The researchers identified 95 genes associated with rare diseases in these tissues. For at least 79 of these diseases, variants in the genes were shown to definitively cause the disease.

In the second study, also published in Nature, researchers looked at 886 patients with primary immunodeficiency, which affects the ability to fight infections caused by microbes.

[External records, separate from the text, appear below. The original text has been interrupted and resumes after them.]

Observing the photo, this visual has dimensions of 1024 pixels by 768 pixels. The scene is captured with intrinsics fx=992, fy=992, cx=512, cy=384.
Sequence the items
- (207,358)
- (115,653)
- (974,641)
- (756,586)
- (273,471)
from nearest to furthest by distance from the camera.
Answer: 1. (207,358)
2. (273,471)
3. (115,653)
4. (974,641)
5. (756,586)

The analysis identified four new genetic associations linked with this condition. 

Dr Ernest Turro from the NIHR BioResource team at Cambridge University Hospitals said: “We have shown that sequencing the whole genomes of patients with rare diseases routinely within a health system provides a more rapid and sensitive diagnostic service to patients than the previous fragmentary approach, and, simultaneously, it enhances genetics research for the future benefit of patients still waiting for a diagnosis.

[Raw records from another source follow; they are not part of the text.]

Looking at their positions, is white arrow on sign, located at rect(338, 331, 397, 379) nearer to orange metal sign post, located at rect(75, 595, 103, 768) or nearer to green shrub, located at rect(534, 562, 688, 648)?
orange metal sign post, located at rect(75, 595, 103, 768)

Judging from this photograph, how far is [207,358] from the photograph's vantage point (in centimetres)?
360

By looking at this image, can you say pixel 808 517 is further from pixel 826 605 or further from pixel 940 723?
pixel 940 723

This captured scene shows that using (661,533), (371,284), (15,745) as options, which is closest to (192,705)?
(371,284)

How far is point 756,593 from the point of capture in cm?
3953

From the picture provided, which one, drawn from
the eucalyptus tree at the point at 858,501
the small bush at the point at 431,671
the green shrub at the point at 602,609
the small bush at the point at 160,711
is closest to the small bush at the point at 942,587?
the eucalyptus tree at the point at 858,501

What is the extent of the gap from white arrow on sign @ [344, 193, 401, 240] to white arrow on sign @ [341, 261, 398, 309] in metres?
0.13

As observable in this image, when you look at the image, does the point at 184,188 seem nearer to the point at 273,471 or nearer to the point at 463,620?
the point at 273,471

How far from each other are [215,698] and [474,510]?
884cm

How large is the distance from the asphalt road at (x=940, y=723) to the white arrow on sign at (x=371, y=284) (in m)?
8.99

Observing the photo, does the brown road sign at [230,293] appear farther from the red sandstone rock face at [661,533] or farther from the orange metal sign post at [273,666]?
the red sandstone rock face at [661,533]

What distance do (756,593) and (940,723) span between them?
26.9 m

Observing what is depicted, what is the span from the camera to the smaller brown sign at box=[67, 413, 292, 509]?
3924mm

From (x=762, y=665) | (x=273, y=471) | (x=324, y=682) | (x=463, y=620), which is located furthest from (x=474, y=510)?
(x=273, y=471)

"Thanks to the contributions of hundreds of physicians and researchers across the UK and abroad, we were able to study patients in sufficient numbers to identify the causes of even very rare diseases."

Dr Louise Wood, Director of Science, Research and Evidence at the Department of Health and Social Care, said: “In setting up the NIHR BioResource Project, we were taking uncharted steps in a determined effort to improve diagnosis and treatment for patients in the NHS and further afield.” 

“The NIHR-funded researchers on this scientific report were part of those earliest discussions as we sought to ensure we could deliver the science and transform it into clinical practice across the NHS. This research has demonstrated that patients, their families and the health service can all benefit from placing genomic sequencing at the forefront of clinical care in appropriate settings. The pioneering work undertaken by the NHS in partnership with Genomics England and academic researchers across the UK has laid the foundation for applying the same genome test to patients with COVID-19, with the hope of finding clues why some patients experience such a severe form of this new disease.”

The UK government announced In October 2018 that the NHS will offer whole-genome analysis for all seriously ill children with a suspected genetic disorder, including those with cancer. Whole-genome sequencing will be phased in nationally for the diagnosis of rare diseases as the ‘standard of care’, ensuring equivalent care across the country.

The benefits can include reduced diagnostic journeys for patients, reduced costs for providers, improved understanding for patients and carers and improved provision of treatment.